"Vor uns liegt eine Zeit von Blut, Schweiß und Tränen"

Die Grünen wittern Morgenluft: Renate Künast pocht auf Vermögensabgabe und den Wegfall des Ehegattensplittings.

Berlin. (red) Die Grünen schwimmen derzeit auf einer Erfolgswelle, während Schwarz-Gelb kriselt. Dass es trotzdem in Nordrhein-Westfalen für ihre Partei in die Opposition geht, findet Grünen-Fraktionschefin Renate Künast bedauerlich, aber richtig. Mit der Ex-Ministerin sprach unser Korrespondent Werner Kolhoff.

Bei der Euro-Rettung stimmten Union und FDP nicht geschlossen für die Regierungsvorlage. Für wie angeschlagen halten Sie die Koalition? Künast: Dieser Koalition ist mit der Steuerschätzung, der Euro-Krise und der Wahlniederlage in Nordrhein-Westfalen alles abhandengekommen, was Grundlage ihrer Verabredungen war. Zudem stellen Union und FDP tagtäglich unter Beweis, dass sie das Handwerk des Regierens nicht beherrschen. Sie haben beim Krisenmanagement in Europa eine erbärmliche Nummer abgegeben. Diese Regierung ist an ihren tragenden Säulen beschädigt.

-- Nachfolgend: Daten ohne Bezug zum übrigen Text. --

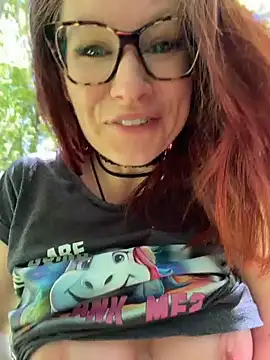 die-EinHORNY-WG online show from May 22, 2026, 11:52 am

Auch die Kanzlerin, die bisher immer etwas über den Dingen stand? Künast: Das präsidiale Regieren, das Moderieren, diese Zeiten sind vorbei. Ihre Rücksichtnahme auf die FDP hat sie in der aktuellen Krise demaskiert als jemand, der nicht führt und nicht führen kann. Jetzt aber ist ein Stil gefragt, der Mut zeigt, der auch mal zieht und schiebt.

Die Regierung muss jetzt einen Sparhaushalt auflegen. Werden Sie das nutzen, um gegen sie mit populistischen Kampagnen Stimmung zu machen? Künast: Das ist nicht unsere Tour. Wir wissen, dass jetzt eine Zeit von Blut, Schweiß und Tränen vor uns liegt. Wir wollen, dass wir diese Zeit nutzen, um die Werte in dieser Gesellschaft neu zu bestimmen. Was ist uns wirklich wichtig, wofür wollen wir Steuergeld ausgeben und wofür weniger oder gar nichts mehr? Ein Beispiel: Ist es im 21. Jahrhundert noch richtig, die Ehe als Lebensweise an sich über das Ehegattensplitting steuerlich zu fördern, unabhängig davon, ob es Kinder gibt oder ob Angehörige gepflegt werden? Ich meine nein.

Haben Sie noch weitere Sparvorschläge? Künast: Unsere schädlichen Subventionen müssen abgebaut, die Verschmutzung der Umwelt verteuert werden. Dazu gehört der Verzicht auf die Ausnahmen von der Ökosteuer, die nicht zum Energiesparen anreizen, und auf das Dienstwagenprivileg, mit dem die größten Spritschlucker gefördert werden. Zudem brauchen wir eine Vermögensabgabe, um damit Schulden abzubauen. Wir leben ja nicht nur ungeniert auf Kosten der Natur, sondern auch auf Kosten der nächsten Generationen.

In Nordrhein-Westfalen reicht es nicht für eine rot-grüne Mehrheit; eine Linkskoalition kommt auch nicht zustande. Gehen Sie dort jetzt in die Opposition? Künast: Danach sieht es jetzt aus. Aber die Entscheidung ist richtig.